THE DATA:
.....
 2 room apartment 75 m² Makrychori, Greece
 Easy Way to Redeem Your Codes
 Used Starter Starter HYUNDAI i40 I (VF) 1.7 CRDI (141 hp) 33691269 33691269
.....
WHAT THIS TASK INVOLVES:
Print out the entire listing above without any change.

EXPECTED OUTPUT:
 2 room apartment 75 m² Makrychori, Greece
 Easy Way to Redeem Your Codes
 Used Starter Starter HYUNDAI i40 I (VF) 1.7 CRDI (141 hp) 33691269 33691269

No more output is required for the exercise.